If bear care is a barometer of foreign relations, things have been a bit grizzly for Britain of late. It is 17 years since we were last given the honour. Happily, that all changes today, when Tian Tian and Yang Gang land at Edinburgh airport, taking up residence at the city zoo.

December hardly seems the kindest month to introduce them to Britain; but Scotland has a similar climate to Sichuan Province, where most pandas, including these two, come from. Any identity crisis they are likely to suffer will not be made easier by the decision to translate their names to the English, Sweetie and Sunshine. Sunshine's a boy's name, apparently. The good news is they are being given their own compounds, with separate his'n'hers quarters, complete with a cave, climbing tree and pond.

Zoo-keepers are praying the bamboo-munching marsupials – no, they are not actually bears – will approve of their £250,000 new home, as they can be rather fussy.

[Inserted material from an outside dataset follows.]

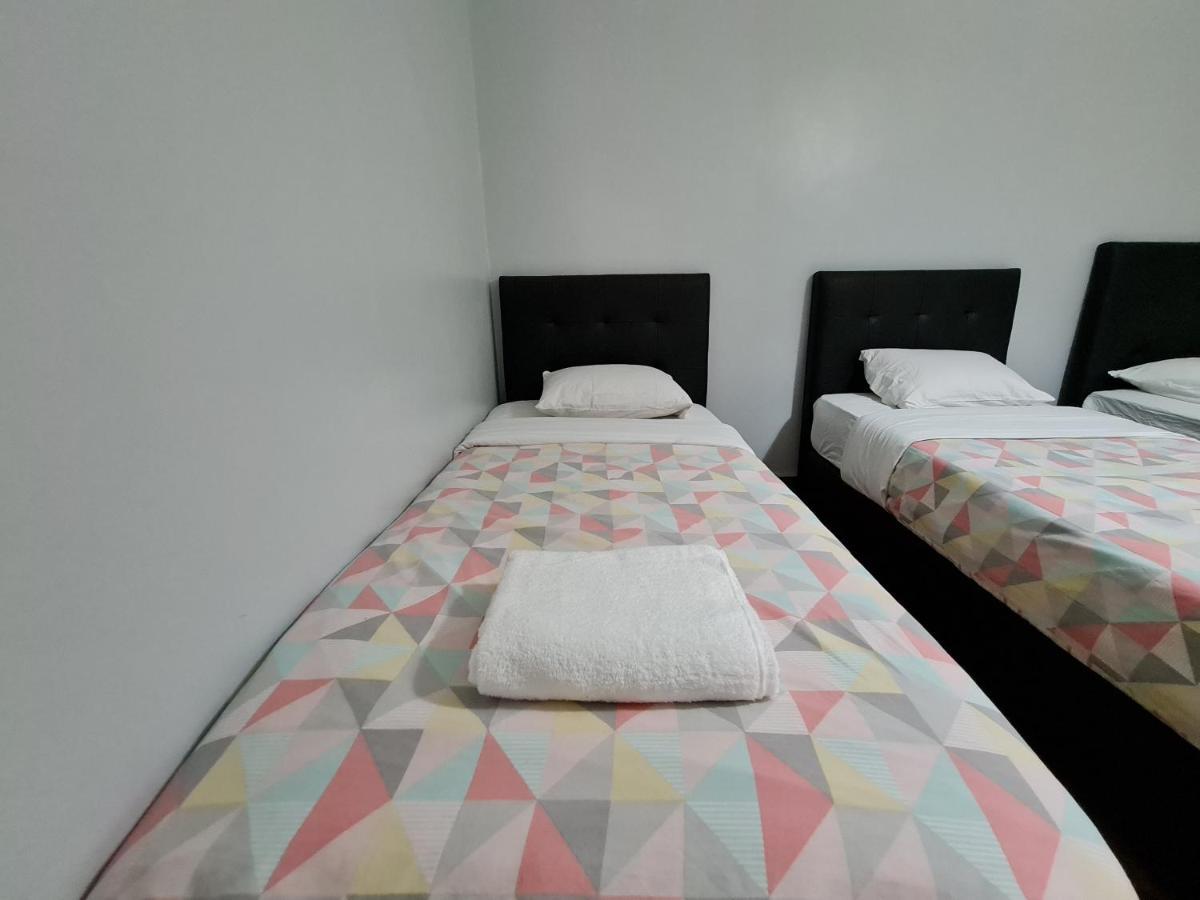 Shangri-La Hostel Anjos 2* Lisbon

The last panda-on-loan arrived in 1994 and was a diplomatic disaster, as Ming Ming refused to breed with Bao Bao, flown in specially from Berlin. She just didn't fancy him. They got into a fight and both were sent home in disgrace. Ming Ming died in May, aged 34, far outliving the 22-year expected lifespan of a captive panda. She was the oldest panda ever recorded.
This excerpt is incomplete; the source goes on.